→ **ACTIVITY**: From the line containing "Šalatin jarek - Foto 19" down to the line containing "Levi Ackerman", copy out the entries below exactly, both lines included, and nothing else; pictures do not belong in the copy.

→ **PROVIDED ENTRIES**:
|---|
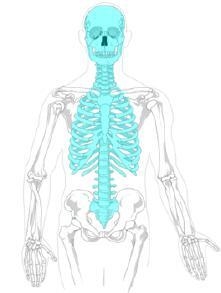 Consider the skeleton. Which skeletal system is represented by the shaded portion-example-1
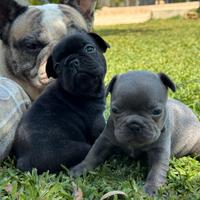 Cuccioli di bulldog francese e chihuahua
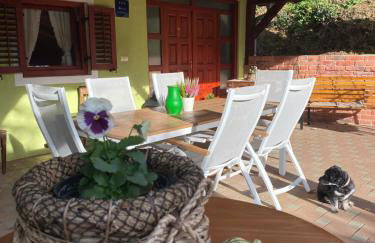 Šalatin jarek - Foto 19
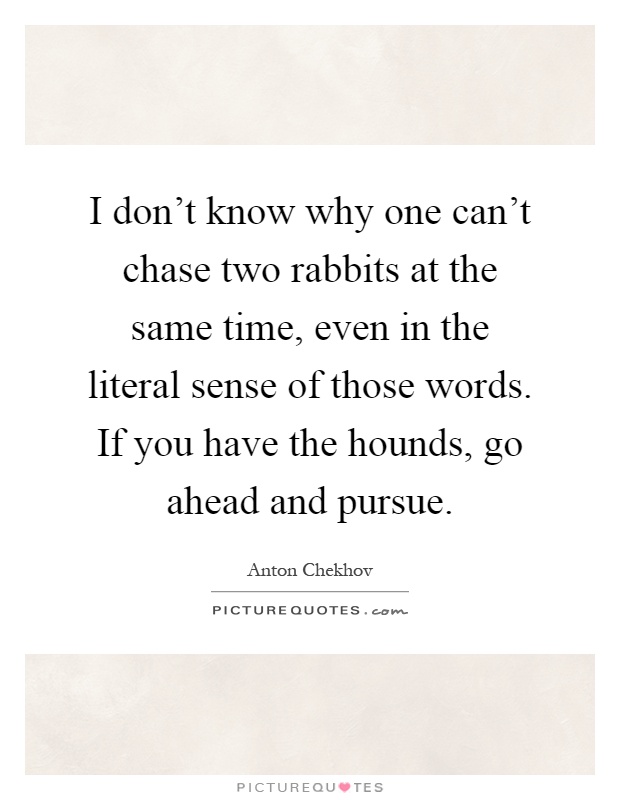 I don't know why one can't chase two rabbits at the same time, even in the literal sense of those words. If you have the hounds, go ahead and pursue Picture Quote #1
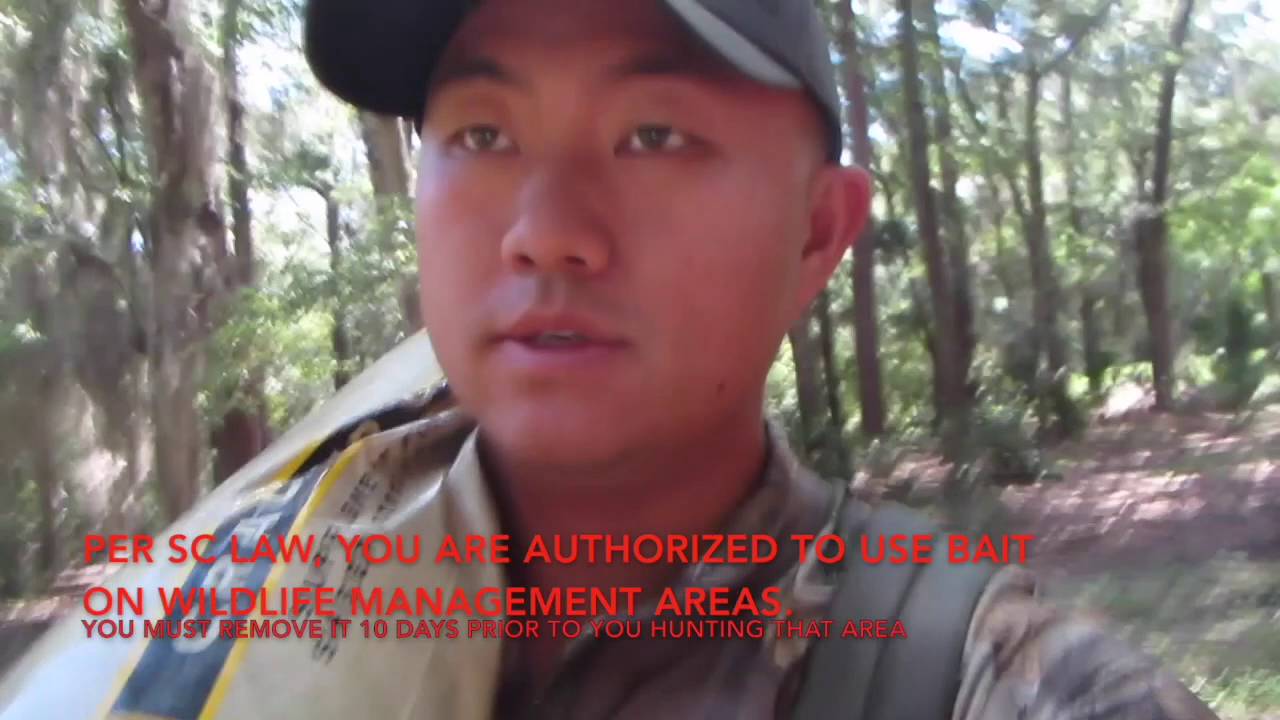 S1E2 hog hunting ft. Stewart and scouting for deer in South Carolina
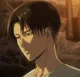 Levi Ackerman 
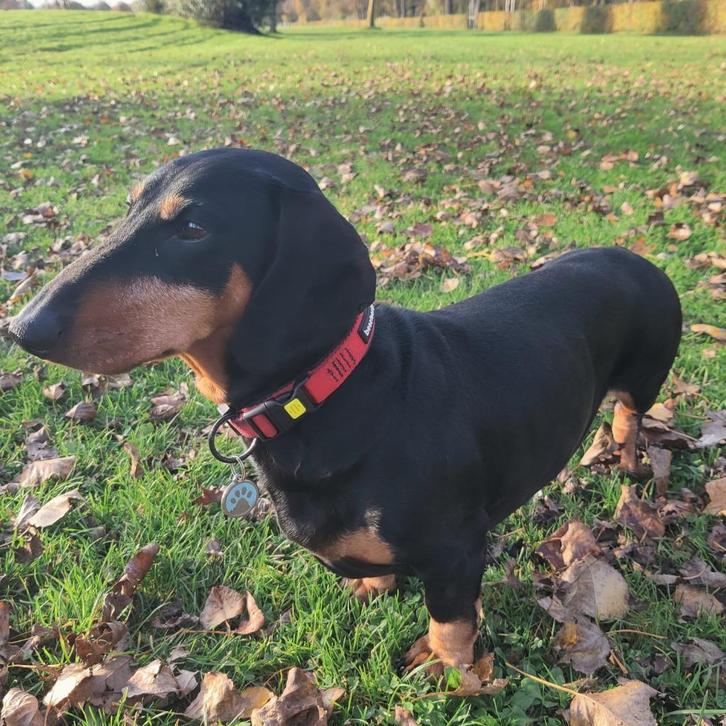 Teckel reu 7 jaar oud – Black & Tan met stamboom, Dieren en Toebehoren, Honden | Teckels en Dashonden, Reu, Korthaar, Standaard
|---|
→ **THE ANSWER**:
 Šalatin jarek - Foto 19
 I don't know why one can't chase two rabbits at the same time, even in the literal sense of those words. If you have the hounds, go ahead and pursue Picture Quote #1
 S1E2 hog hunting ft. Stewart and scouting for deer in South Carolina
 Levi Ackerman 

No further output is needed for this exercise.